|
|
|
|
|
by mdip
3694 days ago
|
|
This looks fantastic. I've been fascinated with parsers ever since I got into programming in my teens (almost always centered around programming language parsing). Curious - The parsing work I've done with programming languages was never done via machine learning, just the usual strict classification rules (which are used to parse ... code written to a strict specification). I'm guessing source code could be fed as data to an engine like this as a training model but I'm not sure what the value would be. Does anyone more experienced/smarter than me have any insights on something like that? As a side-point: Parsy McParseface - Well done. They managed to lob a gag over at NERC (Boaty McBoatface) and let them know that the world won't end because a product has a goofy name. Every time Google does things like this they send an unconscious remind us that they're a company that's 'still just a bunch of people like our users'. They've always been good at marketing in a way that keeps that "touchy-feely" sense about them and they've taken a free opportunity to get attention for this product beyond just the small circle of programmers. As NERC found out, a lot of people paid attention when the winning name was Boaty McBoatface (among other, more obnoxous/less tasteful choices). A story about a new ship isn't going to hit the front page of any general news site normally and I always felt that NERC missed a prime opportunity to continue with that publicity and attention. It became a topic talked about by friends of mine who would otherwise have never paid attention to anything science related. It would have been comical, should the Boaty's mission turn up a major discovery, to hear 'serious newscasters' say the name of the ship in reference to the breakthrough. And it would have been refreshing to see that organization stick to the original name with a "Well, we tried, you spoke, it was a mistake to trust the pranksters on the web but we're not going to invoke the 'we get the final say' clause because that wasn't the spirit of the campaign. Our bad." |
|
Artificial languages (such a programming languages) are usually designed to be unambiguous. In other words, there is a 1:1 mapping from a sentence or fragment to its abstract representation.

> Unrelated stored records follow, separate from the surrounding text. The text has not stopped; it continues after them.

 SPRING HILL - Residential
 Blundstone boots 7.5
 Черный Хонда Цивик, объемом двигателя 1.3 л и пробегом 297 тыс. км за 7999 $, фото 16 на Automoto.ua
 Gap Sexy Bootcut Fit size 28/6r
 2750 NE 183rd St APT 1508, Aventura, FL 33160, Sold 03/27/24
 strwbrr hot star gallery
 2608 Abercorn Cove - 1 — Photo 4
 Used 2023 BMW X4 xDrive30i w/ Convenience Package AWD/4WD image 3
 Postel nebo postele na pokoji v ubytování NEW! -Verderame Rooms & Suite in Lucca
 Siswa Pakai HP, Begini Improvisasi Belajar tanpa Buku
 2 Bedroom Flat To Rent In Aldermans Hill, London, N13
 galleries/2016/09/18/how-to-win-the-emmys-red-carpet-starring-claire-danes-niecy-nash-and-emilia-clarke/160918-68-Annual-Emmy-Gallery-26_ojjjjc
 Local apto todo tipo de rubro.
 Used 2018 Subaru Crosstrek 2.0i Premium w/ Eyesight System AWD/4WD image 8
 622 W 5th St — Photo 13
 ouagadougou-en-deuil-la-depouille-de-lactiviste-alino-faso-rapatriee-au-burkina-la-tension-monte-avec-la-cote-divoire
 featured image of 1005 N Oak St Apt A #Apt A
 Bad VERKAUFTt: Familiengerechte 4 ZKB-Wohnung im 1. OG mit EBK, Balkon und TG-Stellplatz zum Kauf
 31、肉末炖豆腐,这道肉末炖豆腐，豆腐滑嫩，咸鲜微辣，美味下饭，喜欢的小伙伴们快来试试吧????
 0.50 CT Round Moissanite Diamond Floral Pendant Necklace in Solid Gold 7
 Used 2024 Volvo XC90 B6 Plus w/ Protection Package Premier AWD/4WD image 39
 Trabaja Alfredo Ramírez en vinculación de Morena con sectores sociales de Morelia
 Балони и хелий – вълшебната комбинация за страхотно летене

Natural language is ambiguous, so there is usually 1:N mapping from a sentence to abstract representations. So, at some point you need to decide which of the N readings is the most likely one.
Older rule-based approaches typically constructed all readings of a sentence and used a model to estimate which reading is the most plausible. In newer deterministic, linear-time (transition-based) parsers, such ambiguities (if any) are resolved immediately during each parsing step.
In the end it's a trade-off between having access to global information during disambiguation and having a higher complexity. So, naturally, the rule-based systems have been applying tricks to aggressively prune the search space, while transition-based parsers are gaining more and more tricks to incorporate more global information.